- Map of the Byelorussian SSR in 1940, of which Vileyka Region was a part.
- Capital: Vileyka
- • Coordinates: 54°29′N 26°55′E﻿ / ﻿54.483°N 26.917°E
- • 1941: 20,700 km^{2} (8,000 sq mi)
- • 1941: 938,000
- • Established: 4 December 1939
- • Disestablished: 20 September 1944
- Political subdivisions: 22 districts
| Preceded by | Succeeded by |
| / Wilno Voivodeship (1926–1939) | Molodechno Region / |

= Vileyka Region =

Former territorial unit in the Belarusian Soviet Socialist Republic

Vileyka Region (Вілейская вобласць; Вилейская область) was a territorial entity in the Byelorussian Soviet Socialist Republic created on 4 December 1939 out of the eastern powiats of the Wilno Voivodeship after the Soviet annexation of Western Belorussia of (then part of the Kresy region in Poland) into the Byelorussian SSR on 14 November 1939. The administrative centre of the region was the city of Vileyka.
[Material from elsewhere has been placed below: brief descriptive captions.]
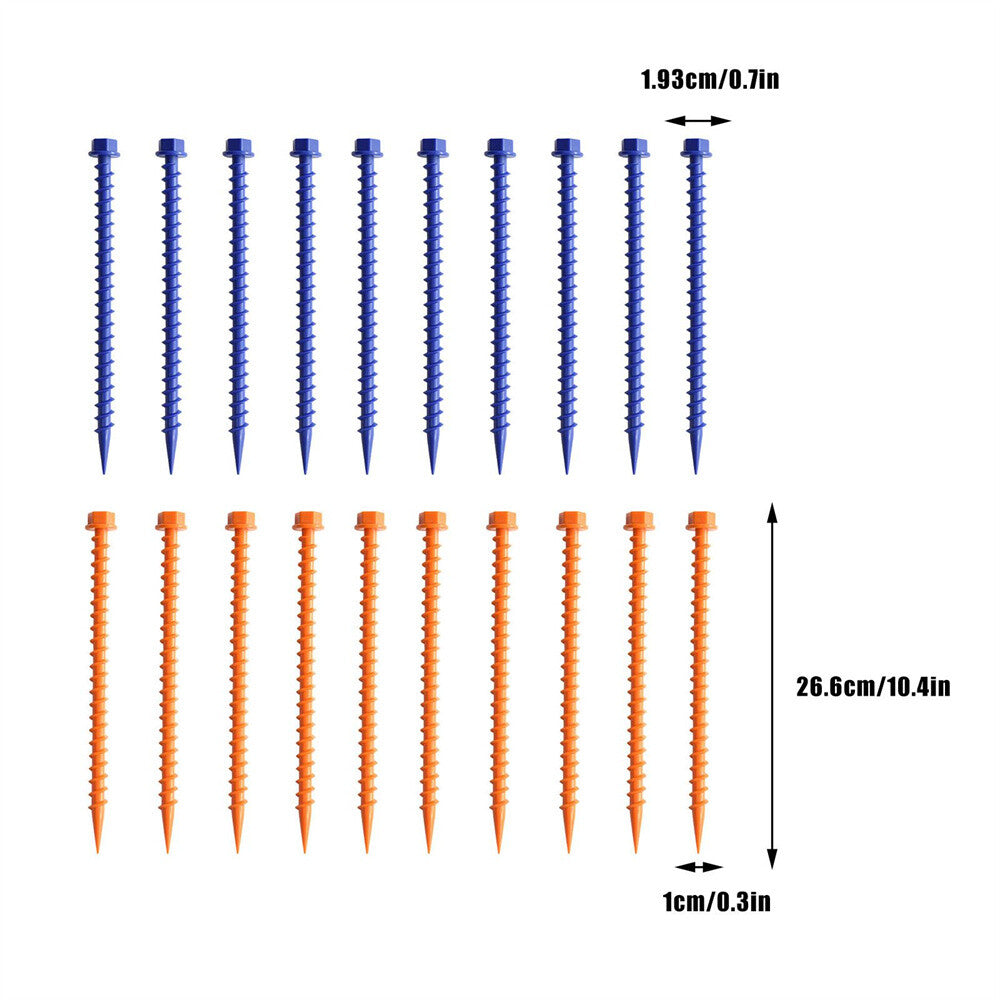 Heavy Duty Tent Stakes 10-Pack Camping Spikes Canopy Anchors Ground Pegs
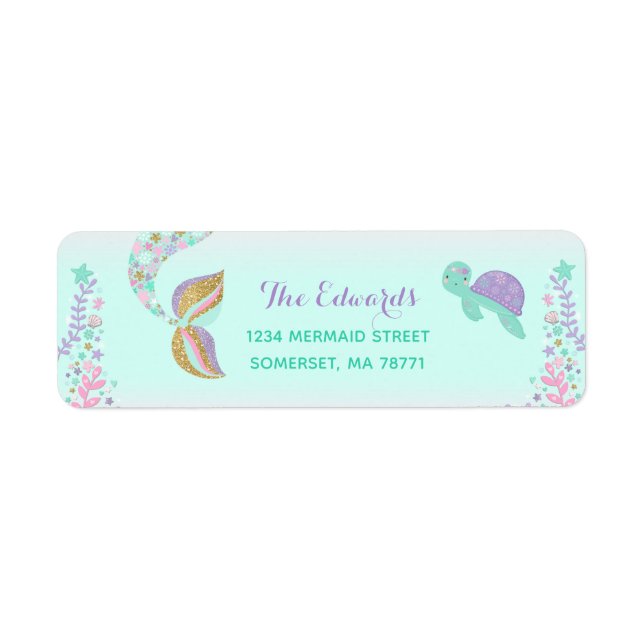 Mermaid Return Address Labels Mermaid Party (Front)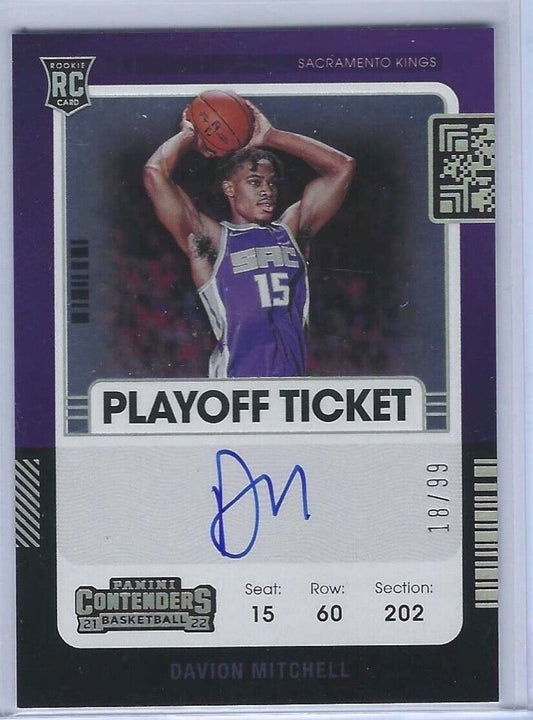 DAVION MITCHELL 2021-22 CONTENDERS PLAYOFF TICKET VARIATION AUTO RC #D 18/99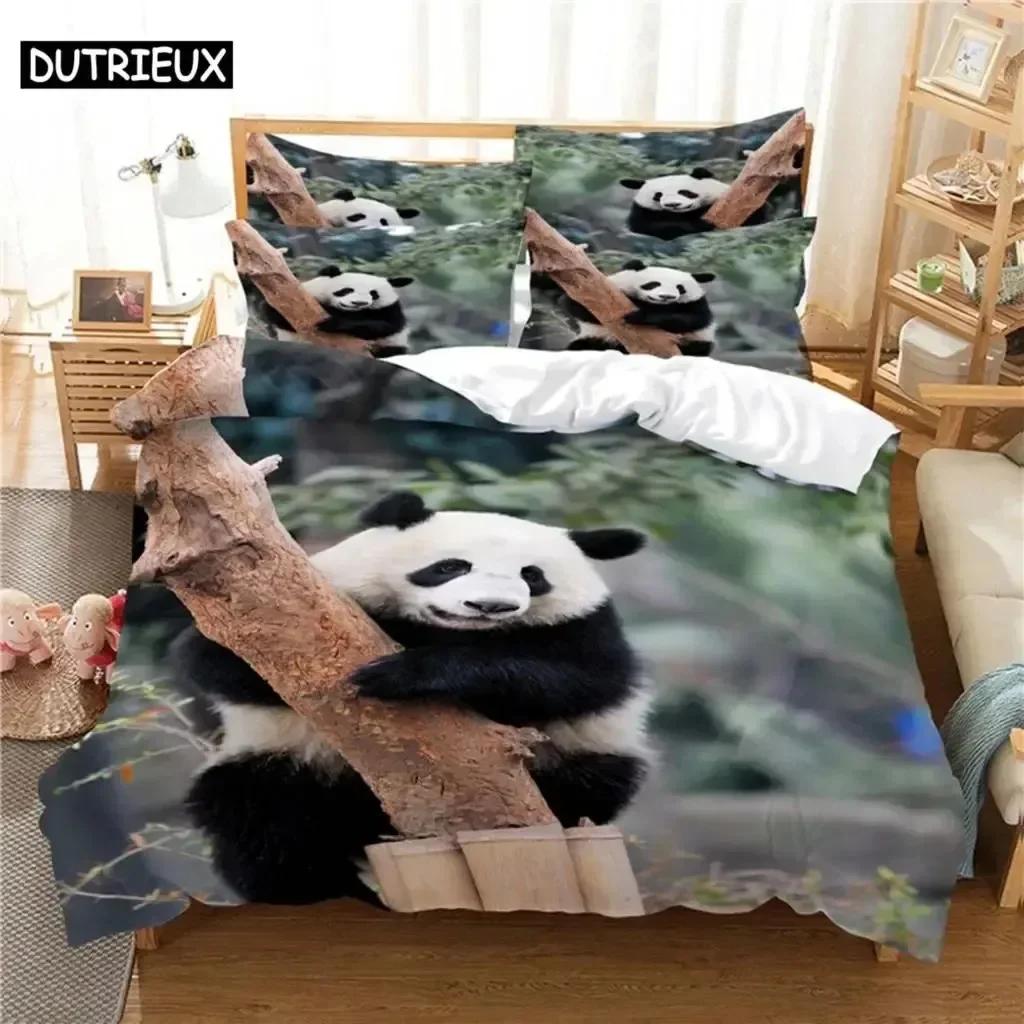 3D Print National Treasure Panda Comfortable Duvet Quilt Cover Pillowcase Bedding Set Children Bedroom Decoration Home Textile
Initially the region consisted of Vileyka, Ashmyany, Braslaw, Dzisna, Pastavy, and Sventiany districts. In January 1940, it consisted of 22 districts: Astravyets, Ashmyany, Braslaw, Vidzy, Gadutsishki, Hlybokaye, Dzisna, Dokshytsy, Dunilavichy, Ilya, Kryvichy, Kuraniets, Maladzyechna, Miory, Miadzieł, Pastavy, Plisa, Radashkovichy, Smarhon, Sventiany, Svir and Sharkawshchyna. In November 1940, the Gadutsishki and Sventiany districts, as well as parts of the Astravyets, Ashmyany, Pastavy and Svir districts were transferred to the Lithuanian SSR. Also, during the German occupation between 1941 and 1944, Ashmyany District was part of Wilna Land General Bezirk at Litauen and was part of General Bezirk Weissruthenien in Reichskommissariat Ostland.

On 20 September 1944, the oblast was renamed to Molodechno Region, and the administrative centre was relocated to Maladzyechna. On the same day, Vidzy, Hlybokaye, Dzisna, Dokshitsi, Dunilovichi, Miory, Plisa, and Sharkovshchina Districts, as well as Kuropolye village in Postavy District were transferred to Polatsk Voblast, and the Iwye, Valozhyn, and Yuratsishky districts of Baranavichy Region were transferred to Molodechno. Vileyka, the former regional centre, was part of Kuraniets District and became a district centre after the district was renamed Vileyka on 5 July 1946.